··· Material shown

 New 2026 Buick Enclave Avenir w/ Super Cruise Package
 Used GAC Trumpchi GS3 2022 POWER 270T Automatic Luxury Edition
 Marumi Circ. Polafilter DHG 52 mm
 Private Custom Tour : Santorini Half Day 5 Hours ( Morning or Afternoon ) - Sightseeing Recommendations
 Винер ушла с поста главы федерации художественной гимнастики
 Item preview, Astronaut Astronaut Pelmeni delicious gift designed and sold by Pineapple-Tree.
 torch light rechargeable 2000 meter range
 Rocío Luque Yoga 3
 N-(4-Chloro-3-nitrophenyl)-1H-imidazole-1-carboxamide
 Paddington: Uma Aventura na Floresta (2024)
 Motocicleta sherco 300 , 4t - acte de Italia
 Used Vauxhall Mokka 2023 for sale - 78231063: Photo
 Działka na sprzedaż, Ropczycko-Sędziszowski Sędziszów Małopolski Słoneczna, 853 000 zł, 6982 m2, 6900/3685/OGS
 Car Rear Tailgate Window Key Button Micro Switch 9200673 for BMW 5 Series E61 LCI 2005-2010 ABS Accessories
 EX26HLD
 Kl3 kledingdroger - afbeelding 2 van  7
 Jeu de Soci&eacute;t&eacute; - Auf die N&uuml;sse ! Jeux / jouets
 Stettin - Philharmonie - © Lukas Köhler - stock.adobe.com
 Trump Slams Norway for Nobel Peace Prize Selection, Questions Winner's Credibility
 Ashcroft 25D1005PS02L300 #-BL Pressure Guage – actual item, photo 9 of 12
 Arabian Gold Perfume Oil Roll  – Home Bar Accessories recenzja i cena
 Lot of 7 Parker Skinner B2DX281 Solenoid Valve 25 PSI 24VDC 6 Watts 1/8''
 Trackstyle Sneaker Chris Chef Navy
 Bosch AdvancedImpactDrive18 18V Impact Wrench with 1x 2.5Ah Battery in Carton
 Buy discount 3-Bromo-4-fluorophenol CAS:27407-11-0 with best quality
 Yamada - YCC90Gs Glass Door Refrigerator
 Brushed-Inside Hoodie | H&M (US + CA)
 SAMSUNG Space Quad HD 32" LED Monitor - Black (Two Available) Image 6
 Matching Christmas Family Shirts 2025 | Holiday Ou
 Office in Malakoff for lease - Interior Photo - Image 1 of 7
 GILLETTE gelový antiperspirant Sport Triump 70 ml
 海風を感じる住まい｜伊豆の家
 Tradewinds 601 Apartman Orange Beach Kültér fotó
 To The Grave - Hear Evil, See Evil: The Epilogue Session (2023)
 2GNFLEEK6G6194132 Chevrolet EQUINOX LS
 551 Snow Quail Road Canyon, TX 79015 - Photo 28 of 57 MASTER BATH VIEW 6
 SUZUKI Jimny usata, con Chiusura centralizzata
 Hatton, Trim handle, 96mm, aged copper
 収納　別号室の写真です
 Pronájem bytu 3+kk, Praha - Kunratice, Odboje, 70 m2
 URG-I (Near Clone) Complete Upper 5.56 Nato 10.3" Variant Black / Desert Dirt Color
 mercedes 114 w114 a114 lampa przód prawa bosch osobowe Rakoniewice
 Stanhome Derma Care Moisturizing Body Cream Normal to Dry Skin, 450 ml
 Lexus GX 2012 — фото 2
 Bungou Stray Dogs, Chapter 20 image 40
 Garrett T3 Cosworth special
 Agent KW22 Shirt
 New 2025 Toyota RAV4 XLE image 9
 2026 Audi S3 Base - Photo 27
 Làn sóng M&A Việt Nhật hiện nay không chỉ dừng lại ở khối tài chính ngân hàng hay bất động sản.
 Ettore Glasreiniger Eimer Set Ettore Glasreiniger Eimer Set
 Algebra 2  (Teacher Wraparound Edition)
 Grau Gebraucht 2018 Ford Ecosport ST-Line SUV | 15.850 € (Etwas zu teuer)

······

Exercise directions: Taking the entries from their first line through the line with "Paddington: Uma Aventura na Floresta (2024)", inclusive, restate each line word for word and give nothing else.

Written answer:
 New 2026 Buick Enclave Avenir w/ Super Cruise Package
 Used GAC Trumpchi GS3 2022 POWER 270T Automatic Luxury Edition
 Marumi Circ. Polafilter DHG 52 mm
 Private Custom Tour : Santorini Half Day 5 Hours ( Morning or Afternoon ) - Sightseeing Recommendations
 Винер ушла с поста главы федерации художественной гимнастики
 Item preview, Astronaut Astronaut Pelmeni delicious gift designed and sold by Pineapple-Tree.
 torch light rechargeable 2000 meter range
 Rocío Luque Yoga 3
 N-(4-Chloro-3-nitrophenyl)-1H-imidazole-1-carboxamide
 Paddington: Uma Aventura na Floresta (2024)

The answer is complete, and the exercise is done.